My Role Lead UX Designer
Research 30+ interviews · Personas · Journey Mapping · Behavioral Synthesis
Status Strategic concepts and experience direction delivered to inform product planning.
Team
UX Researcher, Product Partners, Engineering, Business Stakeholders
My Contributions
  • Co-developed the research strategy with our UX researcher
  • Planned and conducted stakeholder and user interviews
  • Synthesized research into behavioral models, personas, archetypes, workflows, and journey maps
  • Led experience strategy and interaction design
  • Developed and iterated concepts through multiple rounds of user validation
Process
Research
Behavioral Analysis
Personas & Archetypes
Task Mapping
Concept Development
Interaction Design
Prototype
User Validation & Iteration

Research and validation continued throughout the project rather than ending after discovery.


Understanding the Problem

At a major financial institution, managers were required to periodically certify the access their direct reports held. The expectation was careful evaluation. The behavior observed across the organization was rubber-stamping: select all, approve, done.

The easy explanation was disengagement. The more useful question was what the experience was actually asking managers to do, and whether it was giving them what they needed to do it.

Q1 Manager Access Certification Tina S. · 27 entitlements · Status 4% complete
Application Entitlement % of Team Alex Morrison Jordan Farley Chris Elbers Sam Ramos
CORPDomain Users100%????
Access BundleRole 4821: GWM Client Access Standards100%
Access BundleRole 5614: Operations Workflow Group100%????
BOSSJOB CATEGORY CODE: MGR_OPS_STANDARD100%???
MLIFMLIF Access SEG_Desktop_Standard50%??
· · · 22 more items

Representative reconstruction · Legacy ART certification view

High-volume reviews gave managers little help distinguishing routine access from decisions that deserved attention. Technical terminology, limited context, and no signal of what had changed made careful review disproportionately difficult. At scale, bulk approval became a rational response.


Research Findings

30+
Stakeholder interviews across departments and business lines
6
Distinct user groups with different IAM relationships and responsibilities
5
Behavioral personas synthesized from interview findings
2
Cross-role archetypes that cut across job titles and departments
100+
Access-management tasks inventoried, rated by importance and friction
10+
IAM products and portals mapped across the existing ecosystem

Over several months, our team interviewed managers, access specialists, governance staff, operational coordinators, and end users with different relationships to IAM work. We also mapped current-state architecture across the tool ecosystem, inventoried tasks by importance and friction, and traced how users felt as they moved through access workflows.

Research wasn't confined to discovery. We met with participants throughout the project, returning to evolving concepts multiple times to validate assumptions, gather feedback, and refine the experience before implementation. The same patterns appeared across roles and business lines from the start.

Careful decisions were harder than careless ones.

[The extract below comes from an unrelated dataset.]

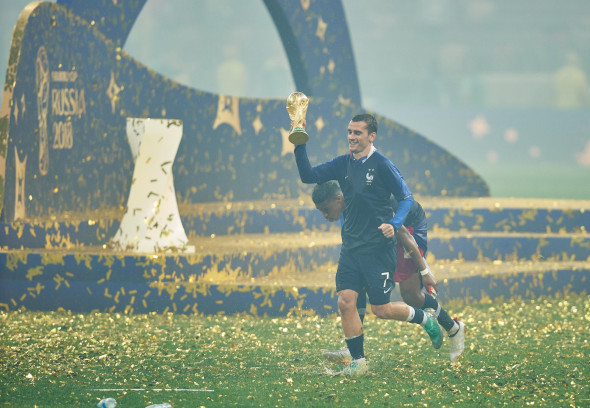 Moscow, Russia. 15th July 2018. Moscow, Russia. 15th July 2018. Antoine GRIEZMANN, FRA 7 with the Official FIFA World Cup Original Trophy, winner, victory, ceremony, FRANCE - CROATIA 4-1Football FIFA WORLD CUP 2018 RUSSIA, Final, Season 2018/2019, J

The review experience gave managers high volumes of access information with no prioritization signal. At scale, meaningful review became functionally impossible. With no grouping, no change indicators, and no way to distinguish a newly granted sensitive entitlement from an unchanged routine permission, the interface treated everything as equally important. In practice, nothing got real attention.

Work moved outside the product.

When the system couldn't explain itself, people built their own scaffolding. Work moved to informal experts, personal spreadsheets, and undocumented workarounds. One participant discovered a critical dependency between two access requests only through trial and error and a call to the tool owner. The product was outsourcing its own clarity to the people using it.

Problems surfaced at the moment of failure.

There were no expiration warnings, no proactive notifications when provisioning changed. Access worked silently until it didn't. One participant described wanting to know before a user was blocked from doing their job, while there was still time to act.

Together, these patterns pointed to a different design problem: the product needed to prioritize decisions and carry the context that careful judgment requires.


Current-State Journey Map

Research revealed a consistent emotional arc across the access review experience: users started the task focused and ended it frustrated. Mapping the journey by stage showed exactly where the product failed them, and where the strongest design opportunities sat.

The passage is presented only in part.